- WORK ORDER -
Return the listing below exactly as it stands. Pictures stay out.
++++++++++++++++++++
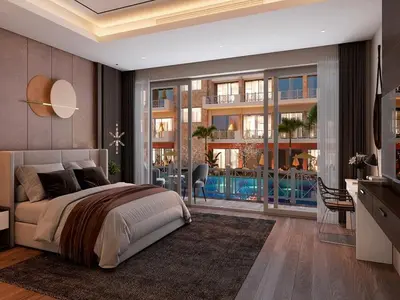 a bedroom with a large bed and a balcony at Studio in a touristic area - Al mamsha in Hurghada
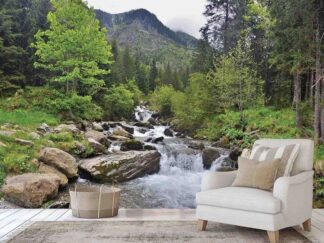Forest River Wallpaper, as seen on the wall of this living room, is a photo mural of a mountain towering over a green pine forest and stream running over rocks from About Murals.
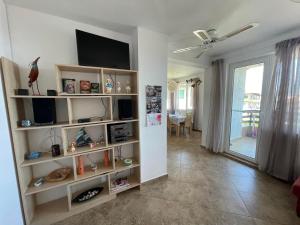 A television and/or entertainment centre at Caprice Apartment in Lozenec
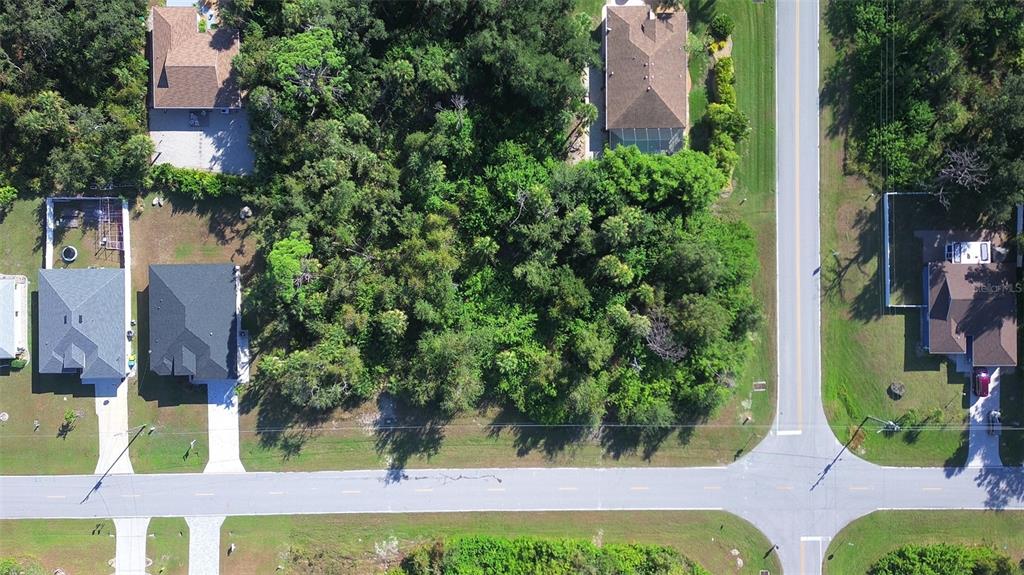 An aerial view shows a wooded vacant lot situated between several residential houses and roads — 197 COUGAR WAY, ROTONDA WEST, FL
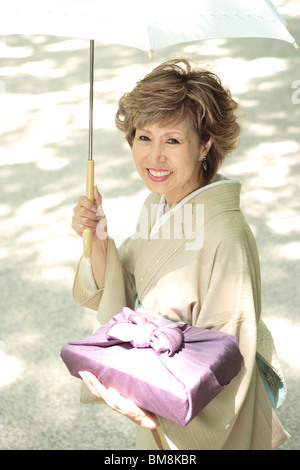 Portrait von reife Frau im Kimono holding Regenschirm und Geschenk, Stadt Kyoto, Kyoto Prefecture, Japan Stockfoto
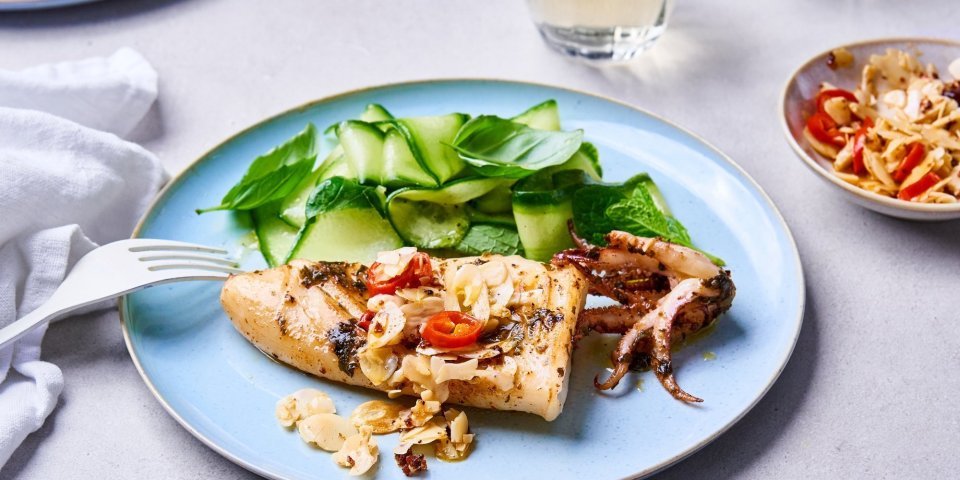 Inktvis met crunchy amandelen en slaatje van komkommer en kruiden Op een lichtblauw bordje ligt een gegrilde inktvis met amandelen te blinken. Wij serveren hem met een slaatje op basis van komkommer, munt en basilicum.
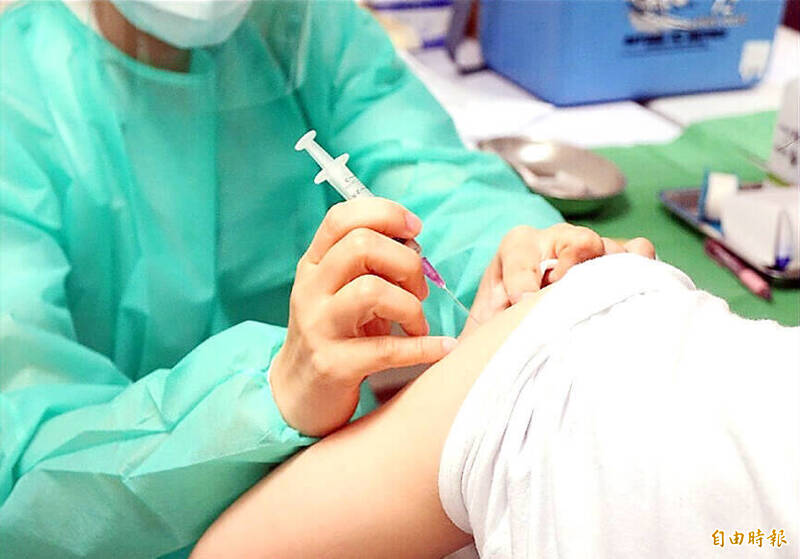 A medical worker administers a vaccine in an undated photograph.
Photo: Taipei Times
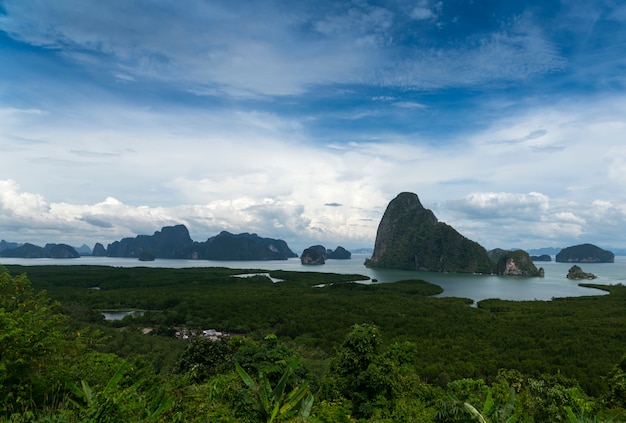 Green mountainous islands swim in the azure sea. View from the top of the island.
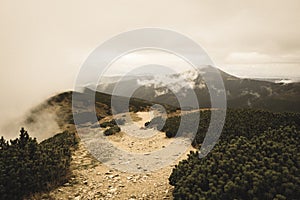 Walking above clouds in slovakian Tatra mountains - vintage retro look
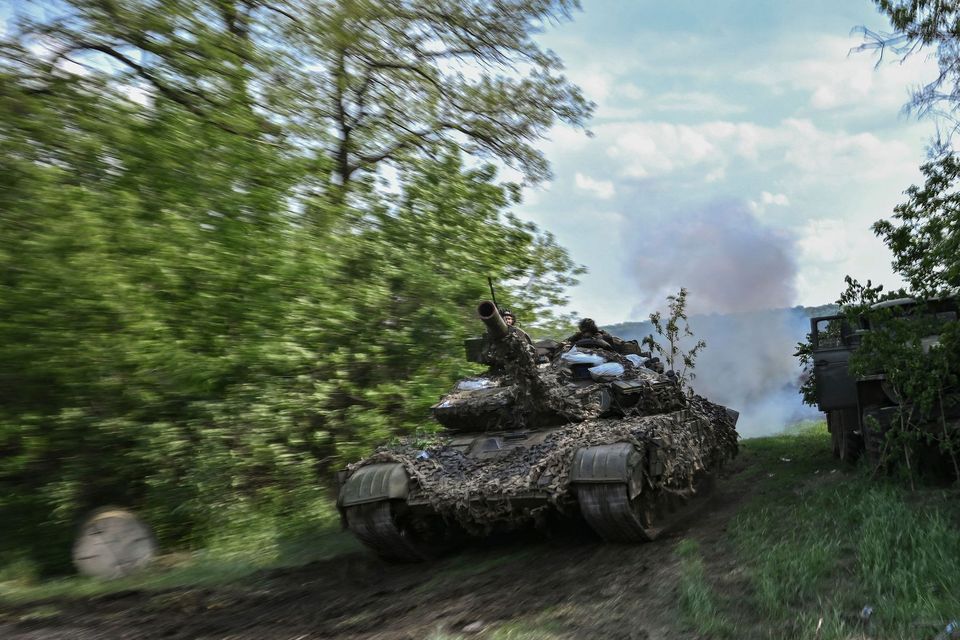 Ukrainian service members operate a tank at a front line position near the city of Lysychansk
++++++++++++++++++++
- TASK RESPONSE -
 a bedroom with a large bed and a balcony at Studio in a touristic area - Al mamsha in Hurghada
Forest River Wallpaper, as seen on the wall of this living room, is a photo mural of a mountain towering over a green pine forest and stream running over rocks from About Murals.
 A television and/or entertainment centre at Caprice Apartment in Lozenec
 An aerial view shows a wooded vacant lot situated between several residential houses and roads — 197 COUGAR WAY, ROTONDA WEST, FL
 Portrait von reife Frau im Kimono holding Regenschirm und Geschenk, Stadt Kyoto, Kyoto Prefecture, Japan Stockfoto
 Inktvis met crunchy amandelen en slaatje van komkommer en kruiden Op een lichtblauw bordje ligt een gegrilde inktvis met amandelen te blinken. Wij serveren hem met een slaatje op basis van komkommer, munt en basilicum.
 A medical worker administers a vaccine in an undated photograph.
Photo: Taipei Times
 Green mountainous islands swim in the azure sea. View from the top of the island.
 Walking above clouds in slovakian Tatra mountains - vintage retro look
 Ukrainian service members operate a tank at a front line position near the city of Lysychansk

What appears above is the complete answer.